- MATERIALS PROVIDED -
###
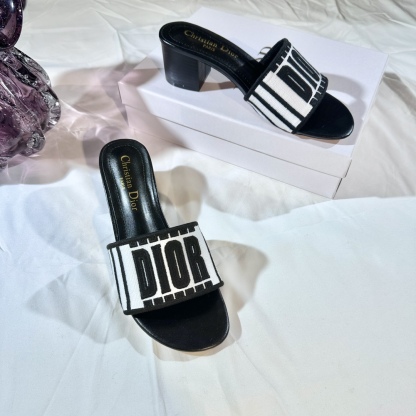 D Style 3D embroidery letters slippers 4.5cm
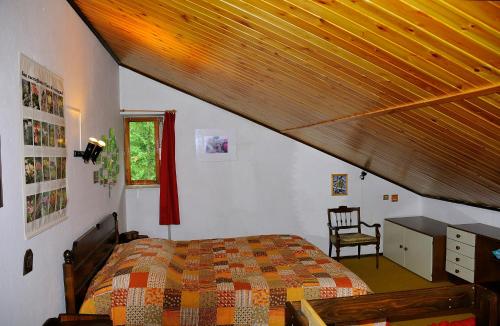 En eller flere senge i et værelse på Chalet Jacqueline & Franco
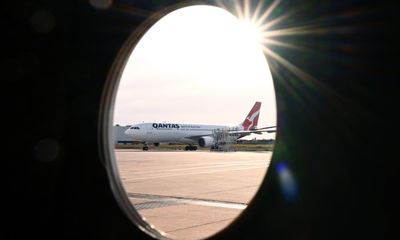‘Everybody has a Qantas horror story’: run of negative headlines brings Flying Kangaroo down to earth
###
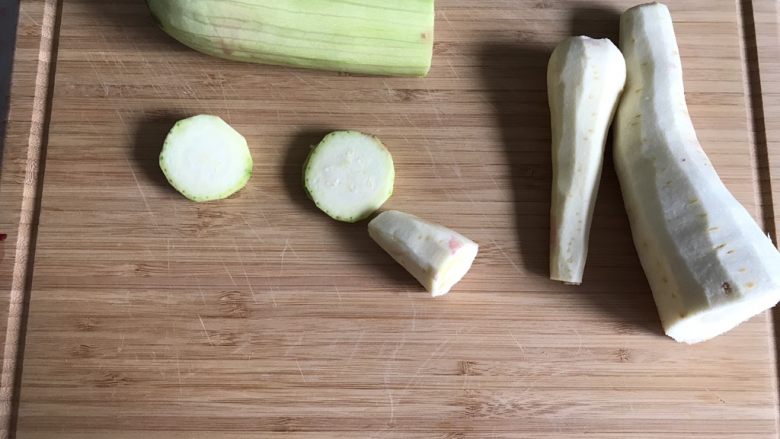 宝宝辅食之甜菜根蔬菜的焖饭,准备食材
###
- ACTION ITEM -
Starting at the line above with "En eller flere", output every line exactly up to and including the line with "down to earth", but none of the pictures.

- TASK ANSWER -
 En eller flere senge i et værelse på Chalet Jacqueline & Franco
‘Everybody has a Qantas horror story’: run of negative headlines brings Flying Kangaroo down to earth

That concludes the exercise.